* [What this task involves] Counting the line with "Fish Polyester Sham Set, Queen" as the last one, copy out the lines of the data exactly from the first onward.

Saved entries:
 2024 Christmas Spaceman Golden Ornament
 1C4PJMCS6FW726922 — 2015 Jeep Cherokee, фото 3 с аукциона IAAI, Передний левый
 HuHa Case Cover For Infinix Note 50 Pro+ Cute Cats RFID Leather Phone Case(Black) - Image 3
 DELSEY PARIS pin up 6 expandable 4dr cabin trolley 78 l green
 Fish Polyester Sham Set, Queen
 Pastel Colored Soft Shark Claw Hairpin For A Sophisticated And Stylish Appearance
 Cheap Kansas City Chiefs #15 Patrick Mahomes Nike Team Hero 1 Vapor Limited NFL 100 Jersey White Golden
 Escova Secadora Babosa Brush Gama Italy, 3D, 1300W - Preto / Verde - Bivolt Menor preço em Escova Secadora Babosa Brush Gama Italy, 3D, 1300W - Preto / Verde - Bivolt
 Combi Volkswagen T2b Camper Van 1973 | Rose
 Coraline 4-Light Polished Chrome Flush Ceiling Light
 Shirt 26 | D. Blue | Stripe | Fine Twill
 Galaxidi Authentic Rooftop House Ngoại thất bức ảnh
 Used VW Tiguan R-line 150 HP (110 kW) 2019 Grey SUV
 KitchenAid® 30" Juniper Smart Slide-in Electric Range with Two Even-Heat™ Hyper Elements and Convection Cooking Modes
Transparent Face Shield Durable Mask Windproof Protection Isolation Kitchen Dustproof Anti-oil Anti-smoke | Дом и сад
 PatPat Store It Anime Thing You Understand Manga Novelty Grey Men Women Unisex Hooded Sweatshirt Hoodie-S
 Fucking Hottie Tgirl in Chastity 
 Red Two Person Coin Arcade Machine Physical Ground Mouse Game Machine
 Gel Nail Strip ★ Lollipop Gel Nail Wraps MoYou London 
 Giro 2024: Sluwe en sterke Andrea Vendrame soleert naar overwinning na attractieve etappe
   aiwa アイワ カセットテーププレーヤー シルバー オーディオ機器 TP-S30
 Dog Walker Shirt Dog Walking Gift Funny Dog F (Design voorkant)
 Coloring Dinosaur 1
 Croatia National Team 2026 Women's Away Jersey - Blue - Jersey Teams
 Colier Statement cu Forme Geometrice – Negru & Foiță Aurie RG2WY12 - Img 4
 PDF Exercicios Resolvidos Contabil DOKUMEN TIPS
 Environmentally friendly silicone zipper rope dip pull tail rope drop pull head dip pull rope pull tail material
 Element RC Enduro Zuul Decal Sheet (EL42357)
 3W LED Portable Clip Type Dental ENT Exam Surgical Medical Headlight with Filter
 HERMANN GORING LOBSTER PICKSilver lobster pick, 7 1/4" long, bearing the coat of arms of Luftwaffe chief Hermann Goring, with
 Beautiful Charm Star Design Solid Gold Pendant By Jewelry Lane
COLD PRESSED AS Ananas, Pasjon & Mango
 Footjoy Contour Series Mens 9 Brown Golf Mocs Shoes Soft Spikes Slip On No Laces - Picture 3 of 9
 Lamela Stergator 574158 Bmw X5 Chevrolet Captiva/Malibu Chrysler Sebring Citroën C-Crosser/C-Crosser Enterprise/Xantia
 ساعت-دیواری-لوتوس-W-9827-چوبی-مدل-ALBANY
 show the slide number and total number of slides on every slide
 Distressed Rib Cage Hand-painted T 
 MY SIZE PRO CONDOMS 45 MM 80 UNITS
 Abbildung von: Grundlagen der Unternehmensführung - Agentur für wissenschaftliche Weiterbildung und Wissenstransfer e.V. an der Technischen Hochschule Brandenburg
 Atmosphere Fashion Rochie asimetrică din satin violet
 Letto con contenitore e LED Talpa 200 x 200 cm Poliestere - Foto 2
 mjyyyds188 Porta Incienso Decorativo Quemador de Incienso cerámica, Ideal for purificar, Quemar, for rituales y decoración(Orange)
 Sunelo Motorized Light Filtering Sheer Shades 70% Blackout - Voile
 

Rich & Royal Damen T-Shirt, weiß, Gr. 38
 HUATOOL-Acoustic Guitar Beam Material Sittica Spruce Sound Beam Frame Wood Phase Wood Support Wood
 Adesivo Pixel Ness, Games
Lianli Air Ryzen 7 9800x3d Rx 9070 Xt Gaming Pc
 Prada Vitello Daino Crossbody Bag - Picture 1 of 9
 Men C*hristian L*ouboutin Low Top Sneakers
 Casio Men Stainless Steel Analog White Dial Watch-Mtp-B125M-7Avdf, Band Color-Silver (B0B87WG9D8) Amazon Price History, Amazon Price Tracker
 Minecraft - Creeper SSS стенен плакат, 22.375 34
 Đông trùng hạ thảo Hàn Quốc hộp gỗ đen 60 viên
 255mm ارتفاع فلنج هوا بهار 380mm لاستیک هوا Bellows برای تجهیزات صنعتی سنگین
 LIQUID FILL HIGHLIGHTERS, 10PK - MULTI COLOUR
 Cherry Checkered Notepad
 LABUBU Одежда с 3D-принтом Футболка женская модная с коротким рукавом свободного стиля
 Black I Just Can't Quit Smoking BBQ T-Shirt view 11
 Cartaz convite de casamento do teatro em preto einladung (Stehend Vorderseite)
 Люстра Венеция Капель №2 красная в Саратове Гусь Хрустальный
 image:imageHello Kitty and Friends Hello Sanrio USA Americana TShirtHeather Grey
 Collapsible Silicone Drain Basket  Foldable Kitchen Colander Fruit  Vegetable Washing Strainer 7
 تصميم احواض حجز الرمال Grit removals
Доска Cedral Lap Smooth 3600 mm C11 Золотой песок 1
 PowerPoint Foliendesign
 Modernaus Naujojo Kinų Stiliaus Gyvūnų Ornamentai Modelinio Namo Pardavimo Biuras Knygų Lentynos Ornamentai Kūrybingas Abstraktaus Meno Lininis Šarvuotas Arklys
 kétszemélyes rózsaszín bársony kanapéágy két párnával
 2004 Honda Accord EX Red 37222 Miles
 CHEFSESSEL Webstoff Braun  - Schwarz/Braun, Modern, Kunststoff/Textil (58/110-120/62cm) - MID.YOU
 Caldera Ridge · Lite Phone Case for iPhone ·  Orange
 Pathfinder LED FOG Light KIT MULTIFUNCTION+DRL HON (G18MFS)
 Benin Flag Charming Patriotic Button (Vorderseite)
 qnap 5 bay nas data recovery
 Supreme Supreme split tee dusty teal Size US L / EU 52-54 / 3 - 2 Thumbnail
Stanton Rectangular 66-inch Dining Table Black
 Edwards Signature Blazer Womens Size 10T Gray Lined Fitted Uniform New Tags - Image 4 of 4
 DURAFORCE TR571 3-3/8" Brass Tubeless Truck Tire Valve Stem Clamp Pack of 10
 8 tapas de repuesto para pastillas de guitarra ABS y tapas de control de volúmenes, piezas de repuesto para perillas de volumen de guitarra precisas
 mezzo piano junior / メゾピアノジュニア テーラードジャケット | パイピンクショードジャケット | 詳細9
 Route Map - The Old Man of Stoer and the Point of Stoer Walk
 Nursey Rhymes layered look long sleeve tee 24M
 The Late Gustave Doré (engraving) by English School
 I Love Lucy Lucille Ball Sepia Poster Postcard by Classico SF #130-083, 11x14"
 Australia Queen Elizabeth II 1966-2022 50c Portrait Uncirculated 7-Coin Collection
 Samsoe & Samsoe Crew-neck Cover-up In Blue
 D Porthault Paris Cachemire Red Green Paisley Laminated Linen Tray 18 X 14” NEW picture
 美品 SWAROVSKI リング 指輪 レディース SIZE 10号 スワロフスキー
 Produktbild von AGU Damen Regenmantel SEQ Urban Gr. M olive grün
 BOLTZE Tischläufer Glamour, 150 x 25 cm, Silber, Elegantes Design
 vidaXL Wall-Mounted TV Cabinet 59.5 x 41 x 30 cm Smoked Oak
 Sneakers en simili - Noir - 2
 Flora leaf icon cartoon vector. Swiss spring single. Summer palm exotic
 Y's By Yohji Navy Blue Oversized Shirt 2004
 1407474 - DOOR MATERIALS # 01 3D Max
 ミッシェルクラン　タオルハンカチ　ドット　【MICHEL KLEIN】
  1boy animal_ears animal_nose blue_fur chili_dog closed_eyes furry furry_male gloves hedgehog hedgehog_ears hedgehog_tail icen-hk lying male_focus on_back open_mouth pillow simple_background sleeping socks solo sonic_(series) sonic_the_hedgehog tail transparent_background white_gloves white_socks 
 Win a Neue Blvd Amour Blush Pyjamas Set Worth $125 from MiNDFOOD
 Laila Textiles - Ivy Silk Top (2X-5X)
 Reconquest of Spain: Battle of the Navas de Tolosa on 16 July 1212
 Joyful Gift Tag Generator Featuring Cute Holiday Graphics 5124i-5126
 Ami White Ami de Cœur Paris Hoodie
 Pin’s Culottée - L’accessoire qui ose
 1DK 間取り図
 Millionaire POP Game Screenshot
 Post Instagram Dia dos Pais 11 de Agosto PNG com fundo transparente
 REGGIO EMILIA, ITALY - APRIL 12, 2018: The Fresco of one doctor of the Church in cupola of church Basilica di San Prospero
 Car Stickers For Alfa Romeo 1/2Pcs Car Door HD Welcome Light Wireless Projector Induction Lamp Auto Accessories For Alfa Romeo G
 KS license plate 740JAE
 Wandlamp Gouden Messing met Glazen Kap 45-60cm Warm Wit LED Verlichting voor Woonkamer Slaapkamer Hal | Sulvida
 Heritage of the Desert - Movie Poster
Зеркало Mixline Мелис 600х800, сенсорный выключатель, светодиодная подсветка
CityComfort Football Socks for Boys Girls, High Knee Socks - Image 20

* [Your solution]
 2024 Christmas Spaceman Golden Ornament
 1C4PJMCS6FW726922 — 2015 Jeep Cherokee, фото 3 с аукциона IAAI, Передний левый
 HuHa Case Cover For Infinix Note 50 Pro+ Cute Cats RFID Leather Phone Case(Black) - Image 3
 DELSEY PARIS pin up 6 expandable 4dr cabin trolley 78 l green
 Fish Polyester Sham Set, Queen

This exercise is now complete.